Although kidnappings for ransom and extortion have returned in recent years in Colombia after a hiatus, the ELN’s initial statement made no demand in exchange for Mr.’s release. Diaz.

Three days later, the ELN blamed the Colombian army for the delay. In a declarationthe group said Sunday that it was trying to avoid incidents with Colombian authorities, but that the area remains militarized with overpasses and troops arriving.

The situation, he said, “does not allow the implementation of the liberation plan quickly and safely.”

The next day, the announced by the military who was retreating from the region where Mr. Díaz was believed to be detained. But when he had not yet been released on Tuesday, Otty Patiño, Colombia’s chief negotiator in the peace talks with the ELN, he told reporters that there was “no excuse” for the delay. He said the guerrilla group was in contact with the United Nations and the Roman Catholic Church.

The kidnapping captured the attention of a country of nearly 52 million people not only because soccer is the most popular sport but also because it stoked concerns about growing insecurity and whether the government was doing enough to stop it. In public appeals and marches in Mr. Díaz’s hometown, Colombians called for his father’s release.

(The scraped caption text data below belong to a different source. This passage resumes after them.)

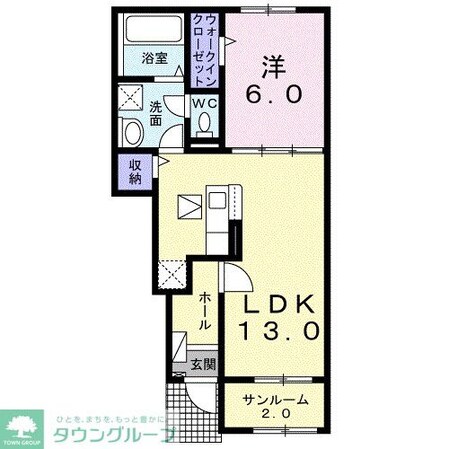 アルセ ボニータの物件間取画像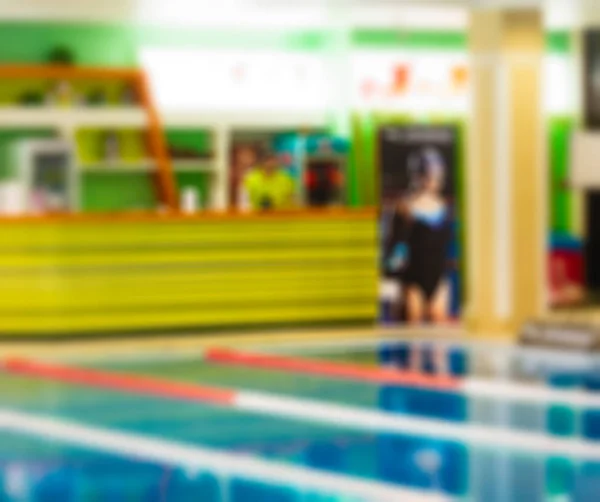 Natation thème de la compétition fond flou — Photo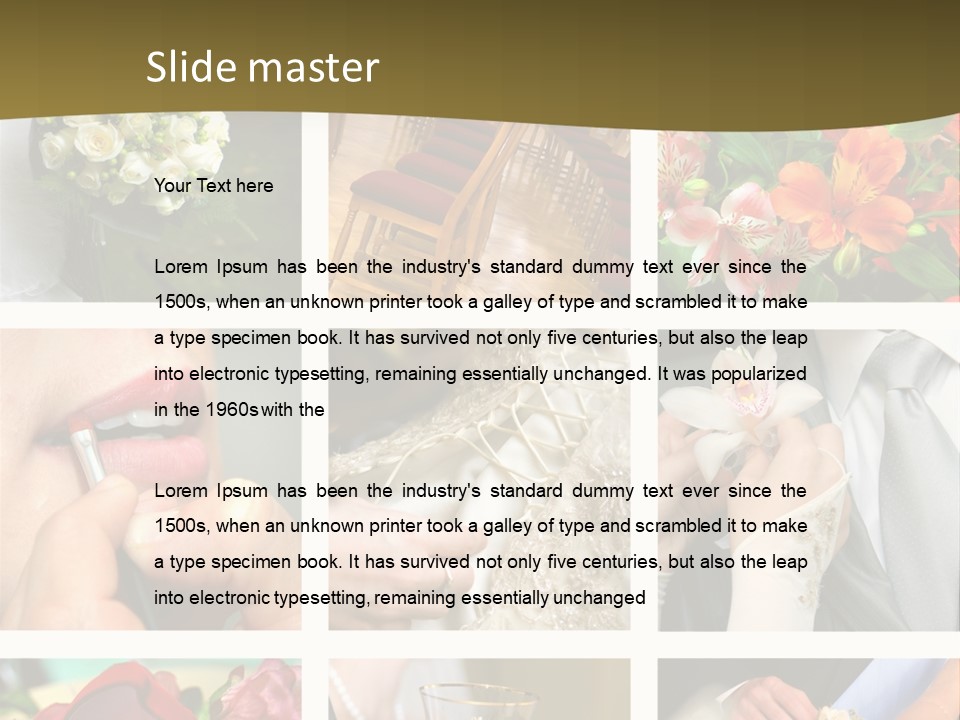 Groom Diamond Flower PowerPoint Template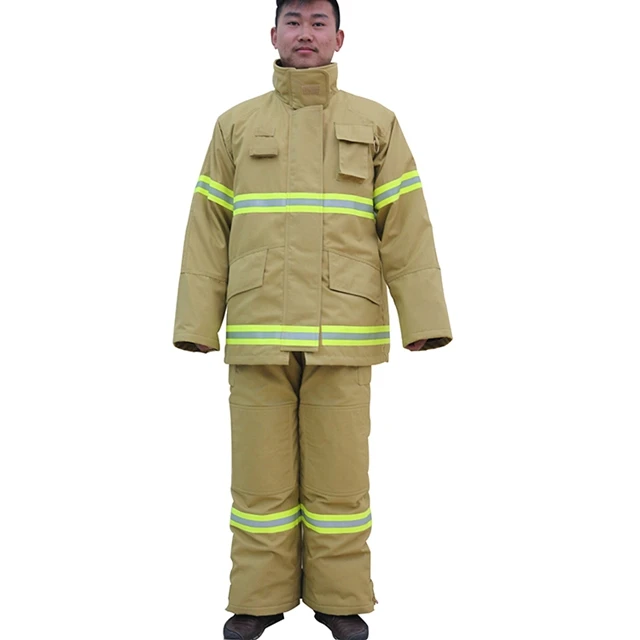 High temperature resistance fireman fire fighter uniform suit
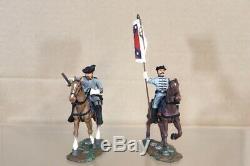 Britains 17372 American CIVIL War Mounted Confederate Captain & Colour Bearer
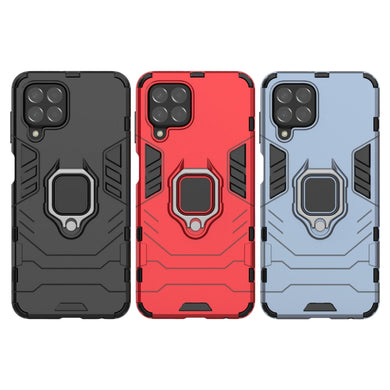Samsung Galaxy A42 5G (SM-A426) - Heavy Duty Armor Case With Ring Holder Stand
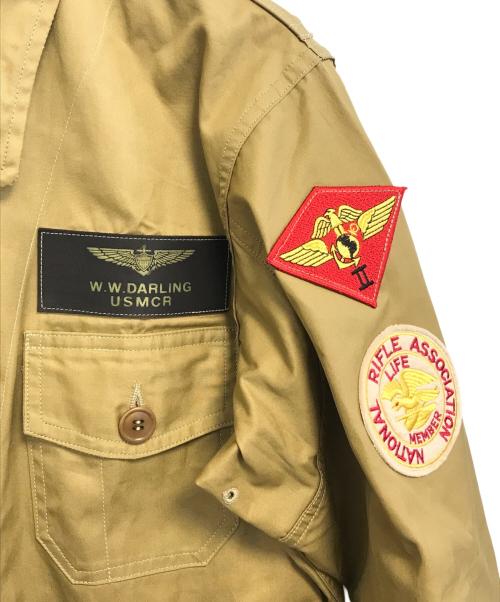 WAREHOUSE（ウエアハウス）WAREHOUSE (ウエアハウス) Ｍ-421a ジャケット カーキ サイズ:36の古着・服飾アイテム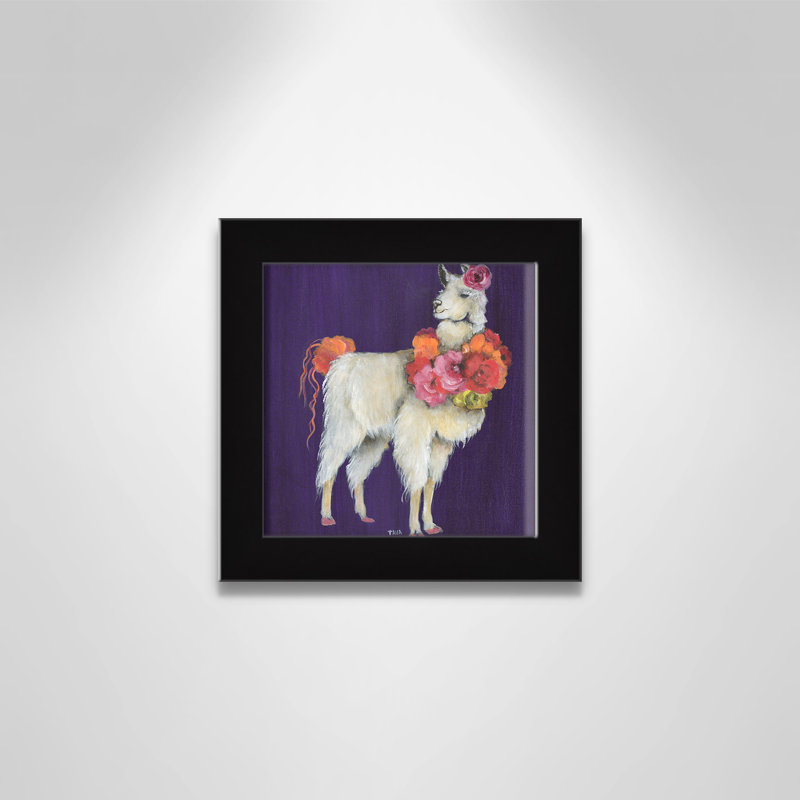 Art sur toile little, H 10 po x l 10 po x P 0,625 po, Cadre noir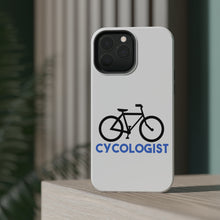 DistinctInk ToughCase for Apple iPhone, Compatible with MagSafe Charging - Cycologist Bicycle Cycling
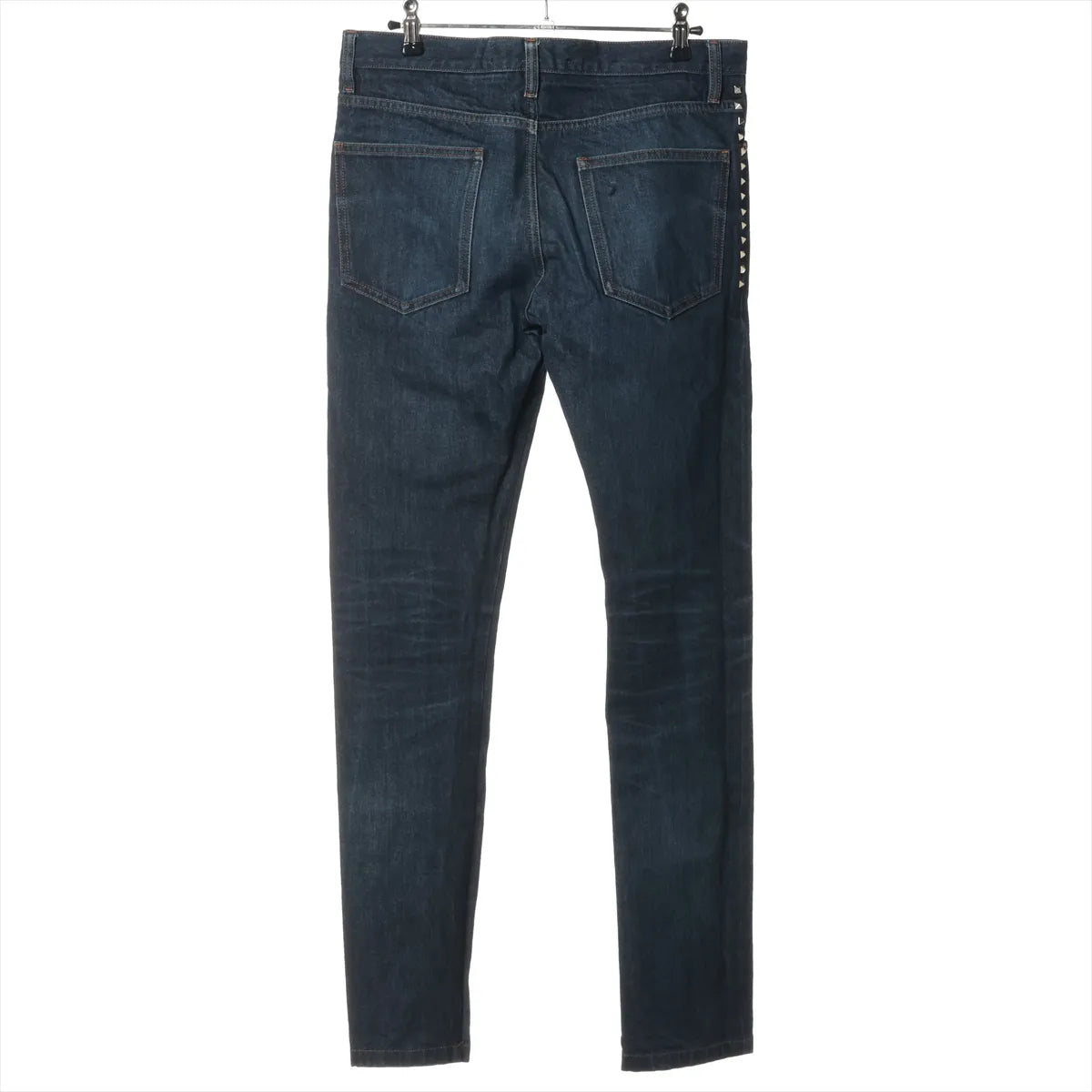 Valentino Cotton Denim Pants Dark Wash Blue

The Colombian government, led by President Gustavo Petro, was negotiating a peace treaty with the ELN and a six-month ceasefire was to begin in August. But after the kidnapping of the elderly Mr. Díaz, Mr. Petro said that the ELN has committed an act that “goes against the peace process itself”.

After Mr. Díaz’s release, the Colombian peace commission negotiating with the ELN said the recent kidnapping had “thrown our talks into a critical situation” and called for all other people held captive to be released immediately.

ELN commander-in-chief Eliécer Herlinto Chamorro, known by his nom de guerre Antonio García, said this in a statement last week, as reported by local relationshipsthat the kidnapping of the elderly Mr. Díaz had been “a mistake” and called his son, 26, a symbol for Colombia.

The younger Mr. Díaz, known as Lucho, shone for his country’s national team. He went from playing for his local indigenous team to bigger clubs in Colombia, eventually landing at Liverpool in a contract reportedly worth more than $60 million. Mr. Díaz’s father was a talented amateur player from Barrancas and coached his son.

The Liverpool player missed the first match after his father’s abduction but returned to action on Sunday. After scoring a late equalizer in a 1-1 draw against Luton, he lifted his shirt to reveal a T-shirt reading “Freedom for Papa” in Spanish.

After the match, he asked for his father’s release.

“Every second, every minute, our anguish grows” he wrote in a statement. “My mother, my brothers and I are desperate, anguished and without words to describe what we are feeling. This suffering will only end when we get him home.”

On Thursday, Mr. Díaz received his wish.